Ukrainian officials said their forces had hit the boat with rockets, while Russia acknowledged that a fire had broken out in Moskva but no attack.  US and other Western officials could not confirm what caused the blaze.
The loss of the so-called warship to the Russian capital is a catastrophic symbolic defeat for Moscow as its troops regroup for a new offensive in eastern Ukraine after retreating from much of the north, including the capital.
The Russian Defense Ministry said the ship sank in a storm while being towed in port.  Russia had earlier said that the flames on the ship, which usually carried 500 sailors, forced the entire crew to evacuate.  He later said the fire had been contained and that the ship would be towed to port with its rocket launchers intact.
The ship can carry 16 long-range cruise missiles and its removal from the battle reduces Russia’s firepower in the Black Sea.  It is also a blow to Russian prestige in a war that is already widely regarded as a historic blunder.  Now in its eighth week, the Russian invasion has stopped due to resistance by Ukrainian militants reinforced by weapons and other aid sent by Western nations.
The news of the flagship damage overshadowed Russian claims of progress in the southern port city of Mariupol, where Ukrainians have been fighting since the first days of the invasion in some of the fiercest fighting – at a horrific cost to civilians.

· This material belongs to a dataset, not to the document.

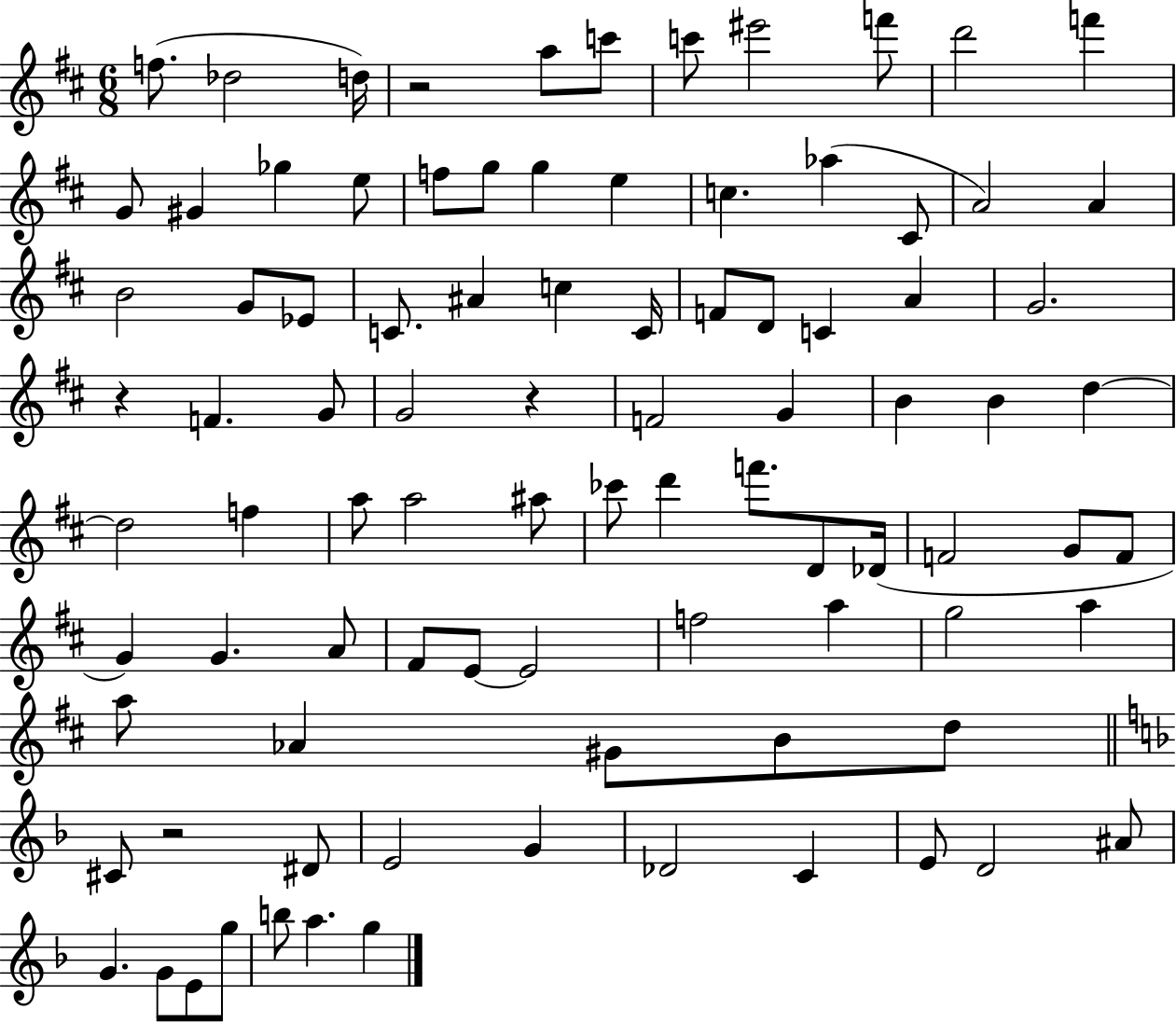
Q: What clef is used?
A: treble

Russian Defense Ministry spokesman Lt. Gen. Igor Konashenkov said Wednesday that 1,026 Ukrainian soldiers had been handed over to a metal factory in the city.  But Vadim Denishenko, an adviser to Ukraine’s interior minister, denied the allegations, telling Current Time TV that “the battle for the port is still going on today.”

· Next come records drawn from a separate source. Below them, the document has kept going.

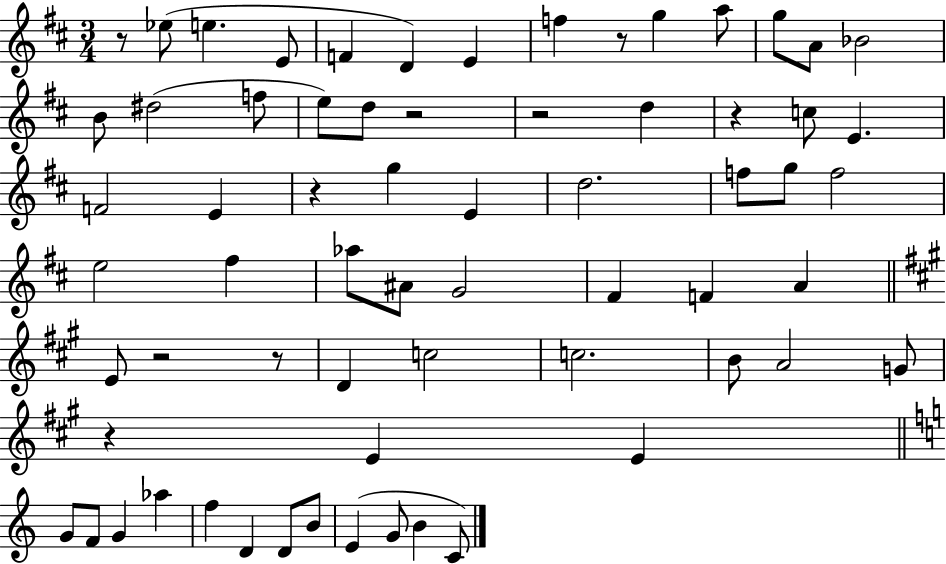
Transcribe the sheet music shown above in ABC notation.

X:1
T:Untitled
M:3/4
L:1/4
K:D
z/2 _e/2 e E/2 F D E f z/2 g a/2 g/2 A/2 _B2 B/2 ^d2 f/2 e/2 d/2 z2 z2 d z c/2 E F2 E z g E d2 f/2 g/2 f2 e2 ^f _a/2 ^A/2 G2 ^F F A E/2 z2 z/2 D c2 c2 B/2 A2 G/2 z E E G/2 F/2 G _a f D D/2 B/2 E G/2 B C/2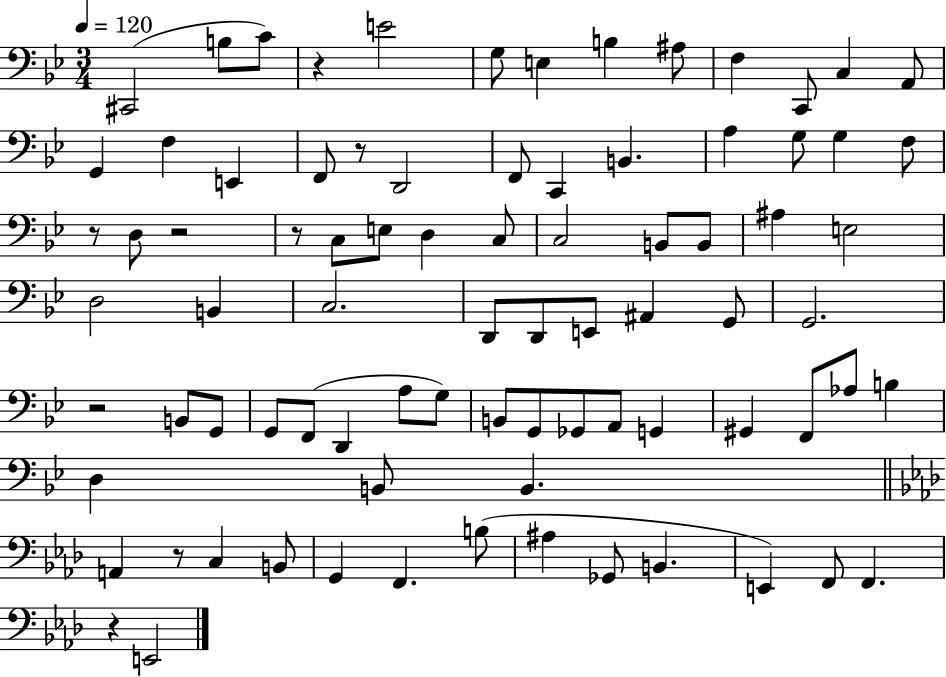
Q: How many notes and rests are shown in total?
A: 83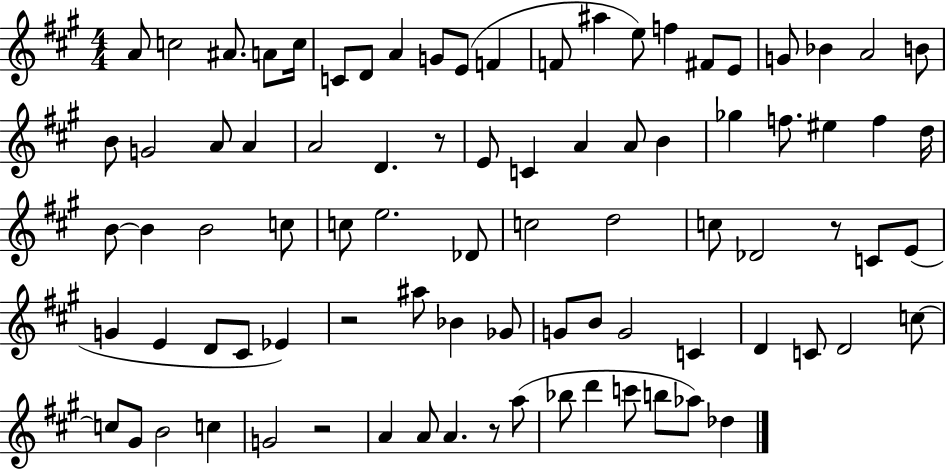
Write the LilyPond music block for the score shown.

{
  \clef treble
  \numericTimeSignature
  \time 4/4
  \key a \major
  a'8 c''2 ais'8. a'8 c''16 | c'8 d'8 a'4 g'8 e'8( f'4 | f'8 ais''4 e''8) f''4 fis'8 e'8 | g'8 bes'4 a'2 b'8 | \break b'8 g'2 a'8 a'4 | a'2 d'4. r8 | e'8 c'4 a'4 a'8 b'4 | ges''4 f''8. eis''4 f''4 d''16 | \break b'8~~ b'4 b'2 c''8 | c''8 e''2. des'8 | c''2 d''2 | c''8 des'2 r8 c'8 e'8( | \break g'4 e'4 d'8 cis'8 ees'4) | r2 ais''8 bes'4 ges'8 | g'8 b'8 g'2 c'4 | d'4 c'8 d'2 c''8~~ | \break c''8 gis'8 b'2 c''4 | g'2 r2 | a'4 a'8 a'4. r8 a''8( | bes''8 d'''4 c'''8 b''8 aes''8) des''4 | \break \bar "|."
}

It was not clear how many forces were still defending Mariupol.
Russian state television broadcast footage saying he was from Mariupol and showed dozens of men in camouflage walking with their hands up and carrying others on stretchers.  A man was holding a white flag.
The occupation of Mariupol is crucial for Russia, as it will allow its forces in the south, which arrived through the annexed Crimean peninsula, to fully connect with troops in the eastern Donbass region, the industrial heart of Ukraine and the target of the forthcoming attack.
The Russian military continues to move helicopters and other equipment together for such an effort, according to a senior U.S. defense official, and will likely add more ground combat units “in the coming days.”  But it is still unclear when Russia could launch a larger attack on Donbas.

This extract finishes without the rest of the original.